Mi contatti privatamente se vuole il mio aiuto, così potremo parlare liberamente rispettando la sua privacy.
Marilena
Ho scritto.um libro che racconta tutte queste realtà. Infinite vessazioni che porteranno finalmente alla ribellione. È una specie di riscatto delle donne e mi piacerebbe che qualcuno lo leggesse ma se non sei qualcuno non ti legge nessuno.
Ha già publicato il suo libro Cristina? altrimenti potrebbe farlo coi tanti siti che le danno la possibilità di fare l’auto-pubblicazione e di venderlo su tutti gli store del mondo, non solo italiani, in rete ce ne sono parecchi stranieri ed italiani, a lei la scelta.
Certo il lavoro di farne buona pubblicità e creare marketing per venderlo è un lavoro tutto sulle sue spalle ma si può fare, se vuole la posso aiutare in questi primi passi in modo da diventre una perdetta editrice e venditrice del suo libro, e vedrà che i risultati arriveranno.
Marilena
Pure io vivo un storie simile , ma cosa poso fare orimai o un figlio si 4 mesi e non mi permeto fare nientw
Si può sempre fare qualcosa, si deve reagire, la cosa sbagliata è non far nulla.
Se vuole parlarmene in privato via mail posso offrirle il mio aiuto.
mi contatti all’indirizzo info@marilenacremaschini.it così potrò comprendre meglio la sua situazione.
Marilena
La mia storia é ben diversa, lo sposato sperando che cambiasse invece no!
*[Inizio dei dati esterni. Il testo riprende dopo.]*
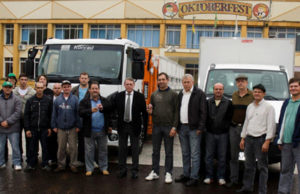 Prefeitura realiza cedência de caminhões a duas cooperativas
Di più di ventitreanni vivo una storia assurda … ci sposiamo é inizia il mio incubo di alti e bassi… prima usa le mani poi violenza vera é propria psicologica … aspetto mia figlia nel 2014 tra lo stress lavorativo e quello suo di violenze sempre psicologiche …. continuiamo nasce mia figlia, lui si calma…. mia figlia si sveglia la notte, lui viene disturbato e la inizia a strattonare come fa tutt’ora che ha quasi quattro anni …. fino a poco fa mi ha fatto una scena che eravamo fuori a passeggio con la bimba, la bimba correva e l’abbiamo rimproverata lui é stato molto brutale urlando davanti a nn só quante persone c’erano e bestemmiava a più nn posso… io lo richiamato dicendogli che stava sbagliando e mi ha detto stai zitta che c’è ne anche per te!!! Nn so cosa fare? Sono da un anno disoccupata e nn onostante cerco lavoro per mantenere mia figlia é mandare a fanculo lui direttamente….ma al momento nn ho trovato nulla!!! Continua sempre ha dirmi che la colpa é mia anche per quanto riguarda la gestione famigliare dei soldi… comunque da oggi in poi nn uscirò più con lui e nn voglio avere più a che fare! Vi prego di aiutarmi
Mi dispiace Stefania per la tua situazione, l’unico consiglio che ti posso dare è quello di fare un percorso con me, per avere tutti i consigli utili per uscire da questa situazione e per riprenderti la tua vita, contattami via mail e ti fornirò tutti i dettagli con diverse possibilità di preventivo, in modo tale da venirti incontro il più possibile.
Aspetto una tua mail
Marilena
Queste donne vanno aiutate gratuitamente. In più ha spigato di non avere un lavoro
Se pensa che la violenza sia tipica ed esclusiva delle famiglie povere si sbaglia di grosso, vuol dire che non conosce il problema e manco ci è mai andato vicino (e sono pure convinta che se anche è venuto a conoscenza di qualche episodio non ha mai fatto nulla per salvare qualcuno, tipico delle persone come lei che accusano, giudicano e non fanno nulla se non puntare il dito verso gi altri) anzi è più facile trovarla nelle famiglie facoltose a cui non manca assolutamente nulla, e non credo che lei sia sia la persona adatta per giudicare l’obbligatorietà del lavoro gratuito degli altri: lei forse lavora gratuitamente? e che lavoro fa? quando tempo dedica alla settimana ad aiutare agli altri? chiunque essi siano?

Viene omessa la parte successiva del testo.